= Beginning of Section =

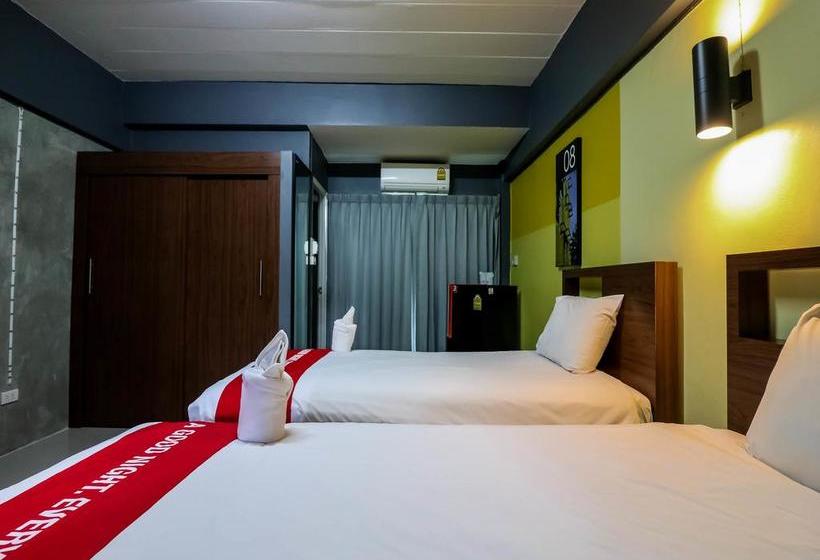 Hotel Nida Rooms Triple 3 Mega Plaza 12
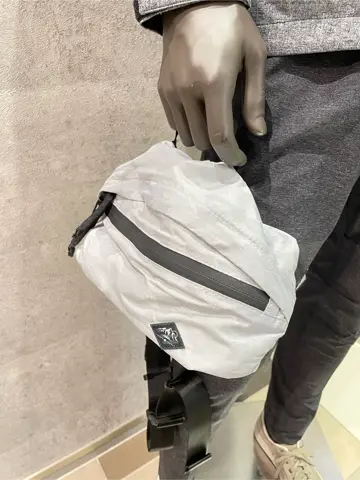 JOSEPH ABBOUD 東　 コーディネート画像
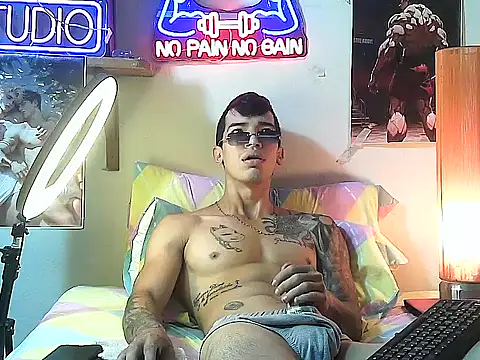 Snapshot of Strongcockfitness chatting on 23, 10, 2025 Strongcockfitness online show from 23, 10, 2025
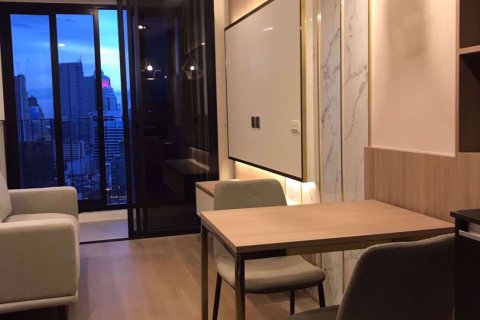 Condominio de 1 dormitorio en Bang Rak, Bangkok, Tailandia № 76938 - foto 2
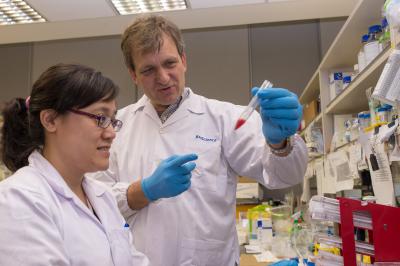 Peter Presier and Dr. Annie Gao, Nanyang Technological University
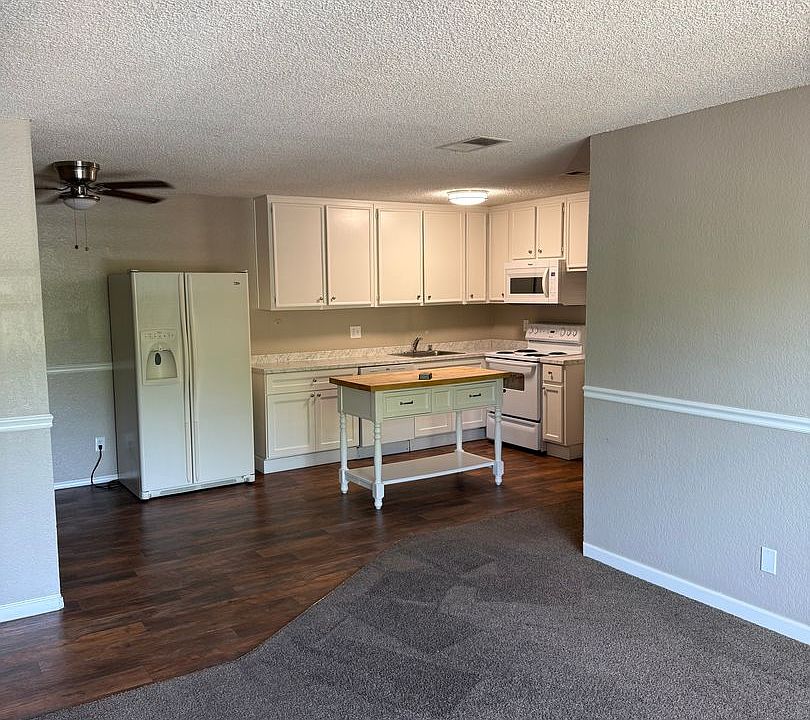 1st image of 2080 W La Loma Dr APT 11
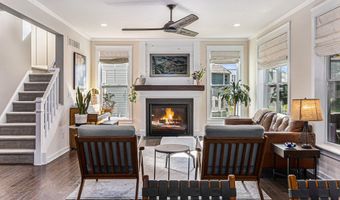 6217 S Trailwoods Dr, Ann Arbor, MI 48103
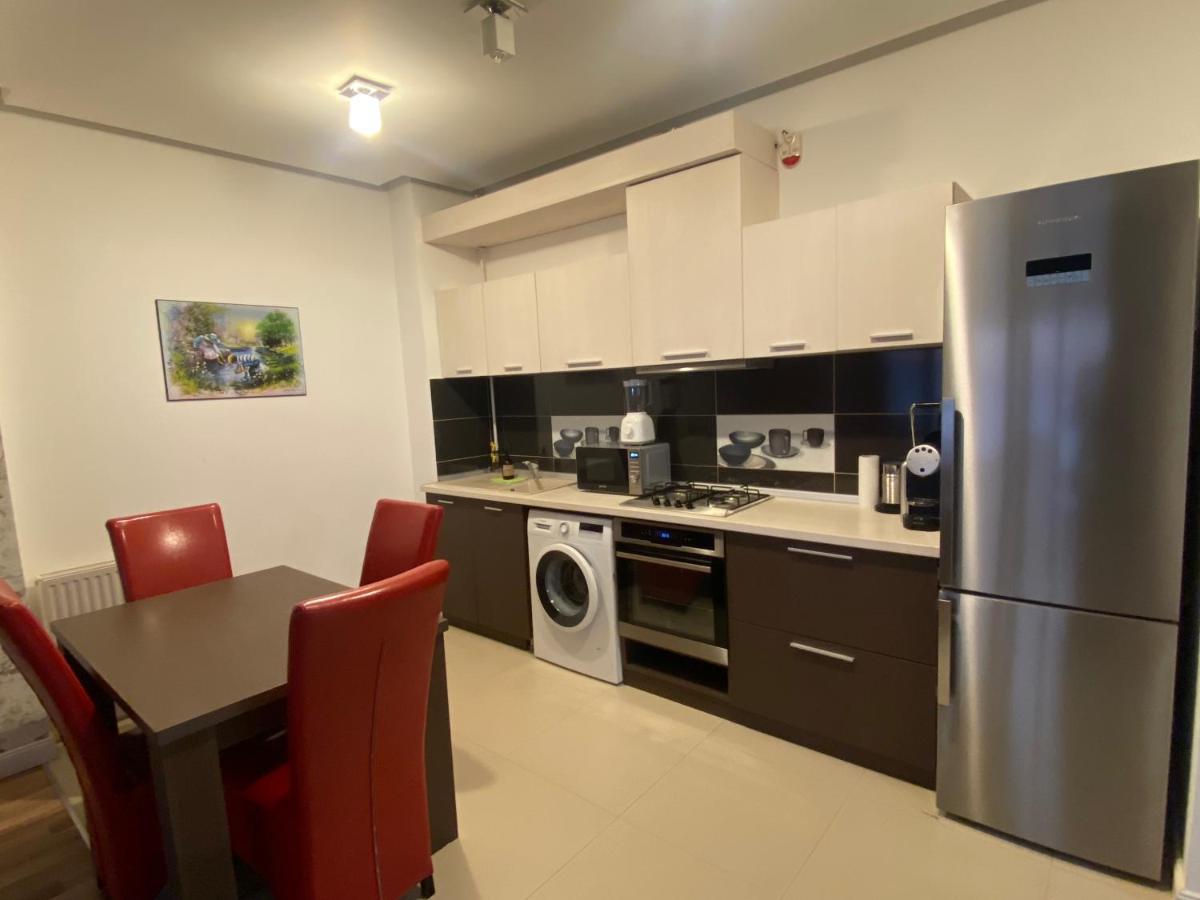 Amazing View Apartment Mamaia Exterior photo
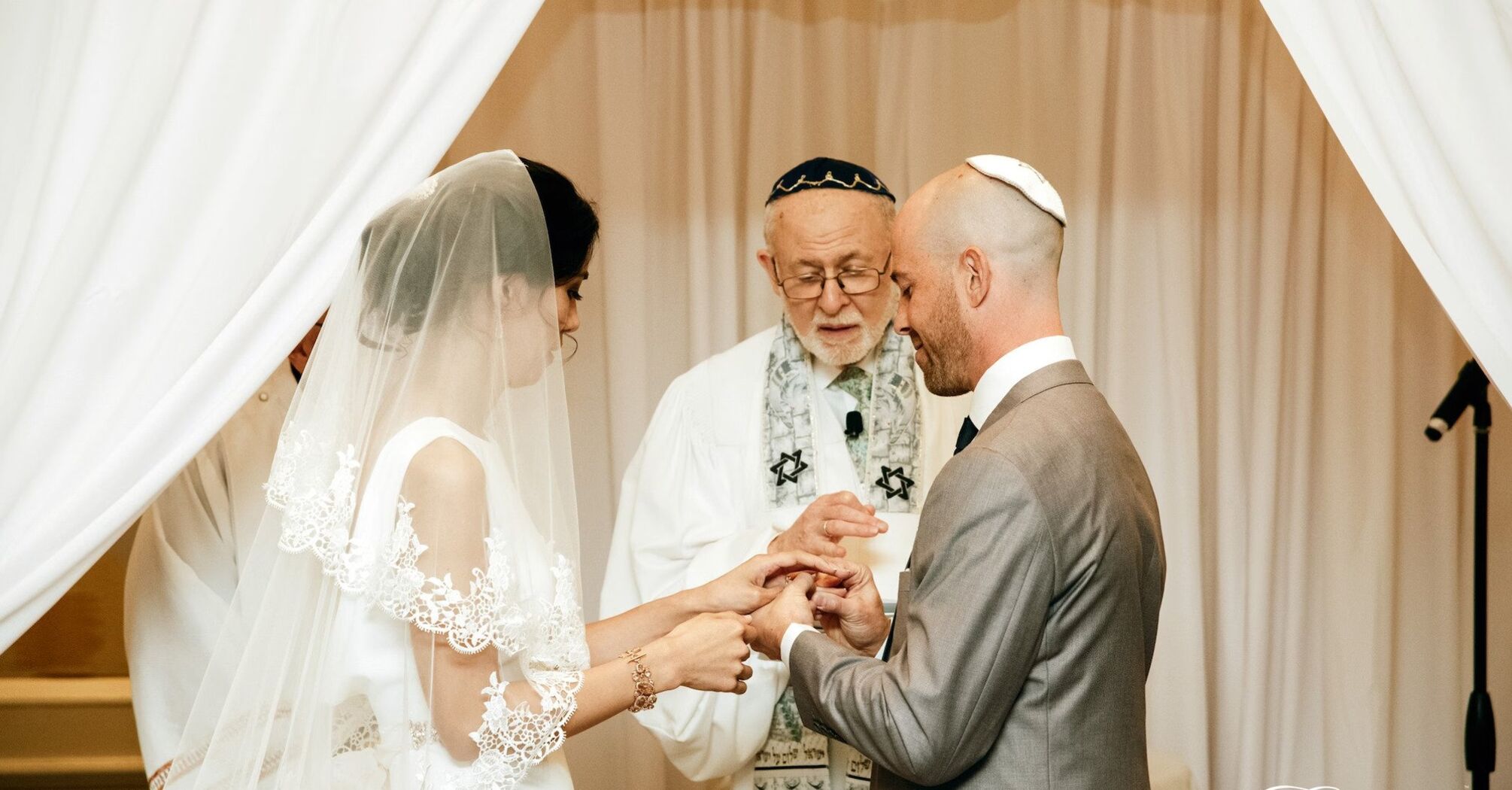 4 tips on what to wear to a Jewish wedding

= End of Section =

▶ [Brief] Give every line of the data above again as it stands; the pictures stay out.

▶ [Exercise response]
 Hotel Nida Rooms Triple 3 Mega Plaza 12
 JOSEPH ABBOUD 東　 コーディネート画像
 Snapshot of Strongcockfitness chatting on 23, 10, 2025 Strongcockfitness online show from 23, 10, 2025
 Condominio de 1 dormitorio en Bang Rak, Bangkok, Tailandia № 76938 - foto 2
 Peter Presier and Dr. Annie Gao, Nanyang Technological University
 1st image of 2080 W La Loma Dr APT 11
 6217 S Trailwoods Dr, Ann Arbor, MI 48103
 Amazing View Apartment Mamaia Exterior photo
 4 tips on what to wear to a Jewish wedding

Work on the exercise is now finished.